Batch ELM is a single hidden-layer feedforward network with random additive features and a closed-form output layer.

Math

For samples X, random additive features compute:

H = g(XW + b)

The output weights solve the regularized least-squares problem:

minβ ||Hβ - T||² + α||β||²

The CPU default solves the primal system when it is cheaper:

(HᵀH + αI)β = HᵀT

When samples are fewer than hidden nodes, BatchRidgeSolver can use the dual form:

(HHᵀ + αI)α_dual = T
β = Hᵀα_dual

API

feature_elm::BatchElm<float> model(
    numInputs,
    numHiddenNodes,
    feature_elm::ActivationFunction::kSigmoid,
    feature_elm::Backend::kCpu,
    1e-6f);

model.train(trainData, trainTargets, numSamples, numOutputs);
auto predictions = model.predictBatch(testData, testSamples);

BatchElm owns a RandomAdditiveMap and a BatchRidgeSolver.

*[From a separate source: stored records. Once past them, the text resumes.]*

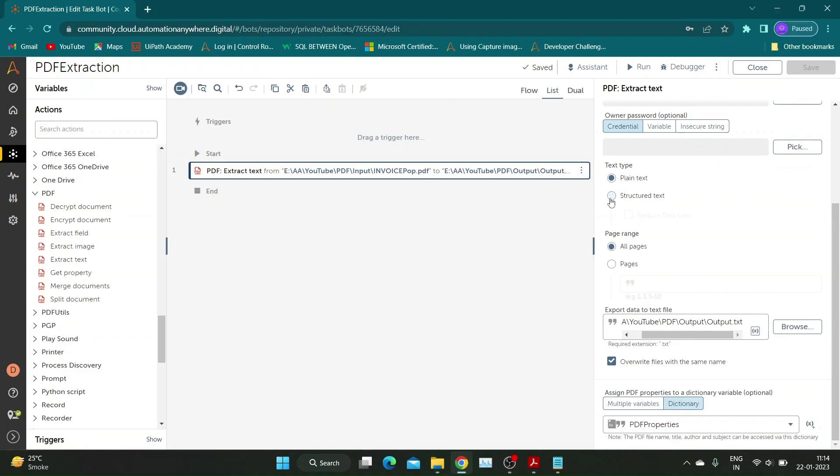Now let us see what is the difference between plain text and structured text. Change the text type and create a new text file to store the result. Save and run the bot.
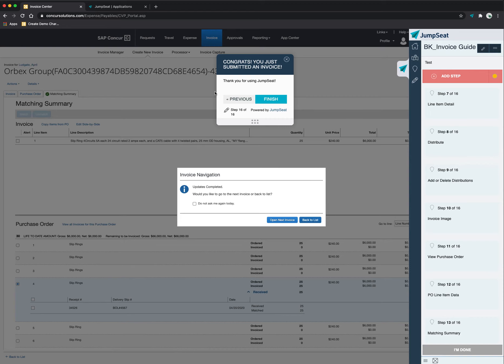And you can see that even a novice user can get through the tool because the system, in terms of Jumpseat, is created to help that user go through any necessary steps as quickly and efficiently as possible to complete a specific task.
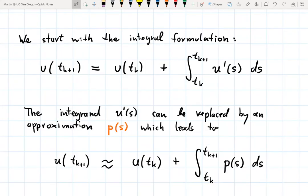The idea of Adams-Bashforth methods is that we replace the integral of the derivative u'(s) by an approximation p(s). That leads to the approximation u at time t_{k+1} is roughly u at time t_k plus the integral from t_k up to t_{k+1} of the function p(s).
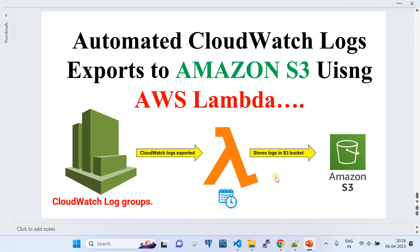With that, I have successfully demonstrated how to automate CloudWatch log group export to Amazon S3 using AWS Lambda. Please subscribe to the channel — that really encourages me a lot. Thank you and see you in the next video.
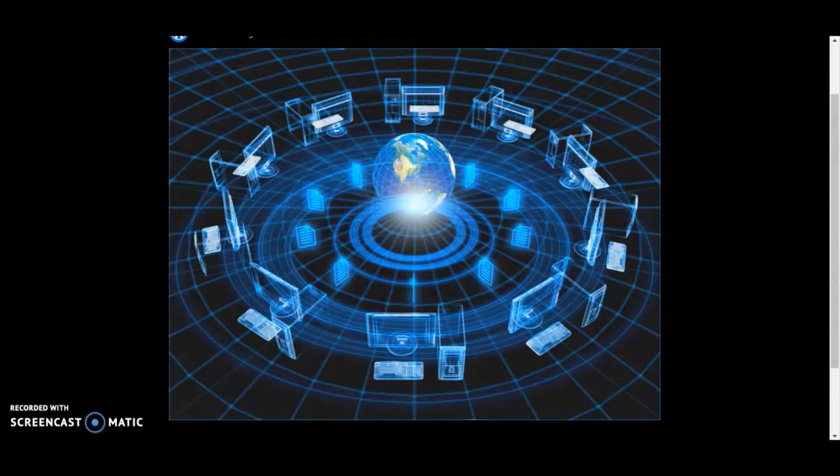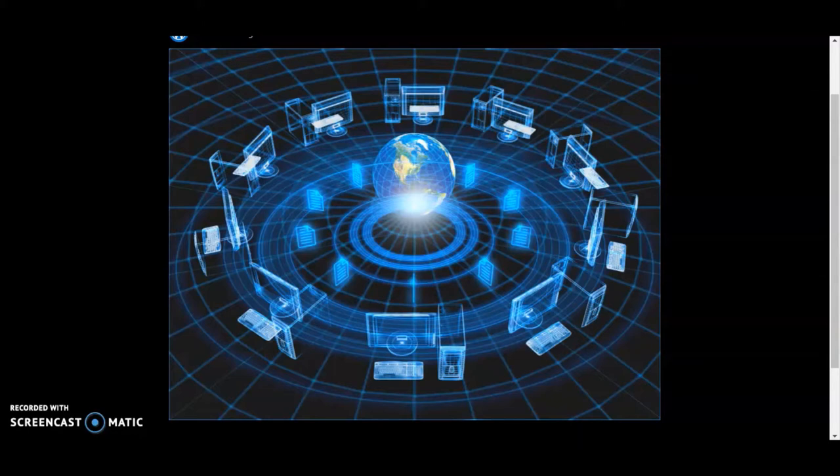One of the claims of those who believe we live on a spinning basketball earth in the vacuum of space is that somehow believing in a ball earth has advanced technological innovation. They think that the belief in a ball earth has advanced technology throughout the years.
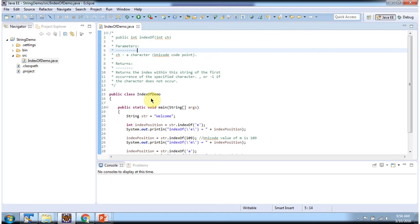Here I have declared the class IndexOfDemo. It has a main method. First I will run this program, then I will explain.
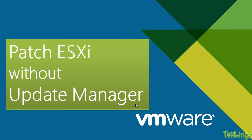Hello everyone, welcome to TechLingo and today I'm going to show you how you can patch ESXi without Update Manager.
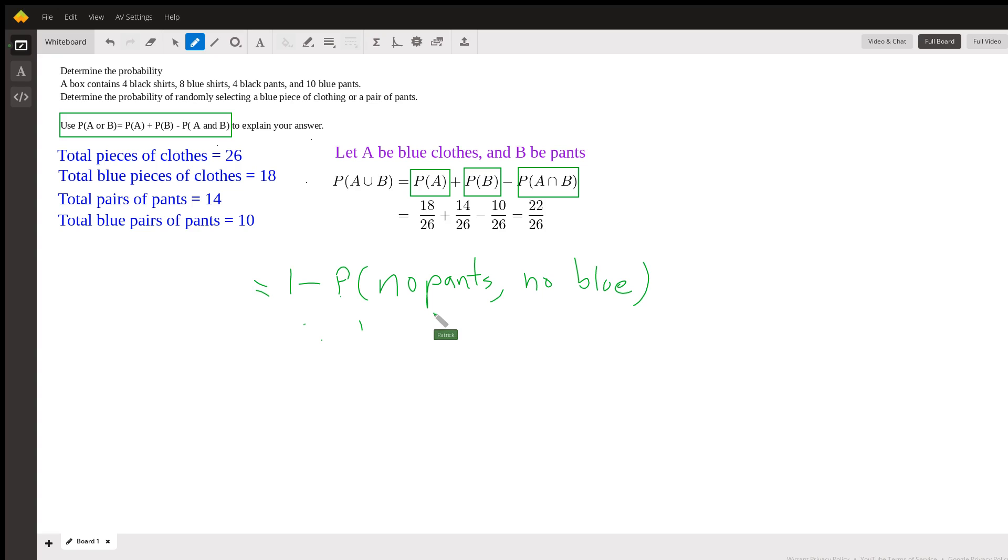So we have one minus - no pants, no blue. That's out, that's out, that's out, that's the only thing left. And we get the same answer.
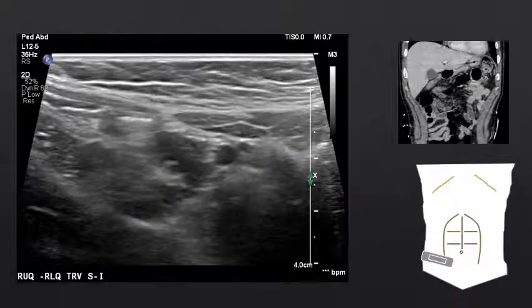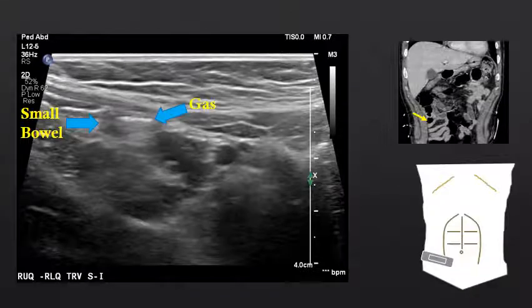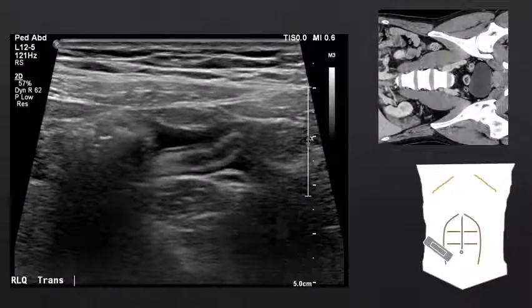Shifting the probe just slightly, we can now identify gas within the small bowel. We see the small bowel here, and then we see this area of echogenicity with shadowing.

The constructor preserves the v1 shape while routing hidden computation through the feature-map layer.

When to use

  • Strong deterministic baseline.
  • Small or medium tabular datasets.
  • GPU batch transforms when numSamples * numHiddenNodes is large.
  • Comparison baseline for RBF and ML-ELM.

When not to use

  • Data arrives continuously and full retraining is too expensive: use OS-ELM.
  • The feature stack must be learned: use ML-ELM.
  • The problem is clearly center-based and local: compare against RBF features.